Oliver Sacks The River of Consciousness

I reviewed this last week so it’s very fresh in my memory. This posthumous collection of Sacks’s essays, some previously published in the New York Review of Books, displays the amazing breadth of his knowledge and interests, as well as his charming, lucid and poetic writing. From the mental life of earthworms to Freud as a neurologist and Darwin as a botanist, with many fascinating diversions along the way, all of these essays completely captivated my attention and, as always with Sacks, enriched my perceptions of the world and other people.

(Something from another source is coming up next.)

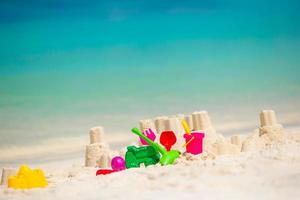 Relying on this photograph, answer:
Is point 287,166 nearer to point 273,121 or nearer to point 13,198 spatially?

Adrian McKinty Police at the Station and They Don’t Look Friendly

This is the sixth book in the Sean Duffy series, and possibly the best of them, though they are all terrific. It won the Ned Kelly Award for Fiction this year – the second time in a row for McKinty – and sees Duffy in all sorts of his usual trouble, but this time with a partner and a baby to worry about as well. The set-up behind this series provides lots of texture: Duffy is a Catholic in the Protestant police force of Northern Ireland during the Troubles, with both sides of the law often gunning for him. He’s also a maverick with a chip on his shoulder, not surprisingly, who checks his car automatically for bombs every morning.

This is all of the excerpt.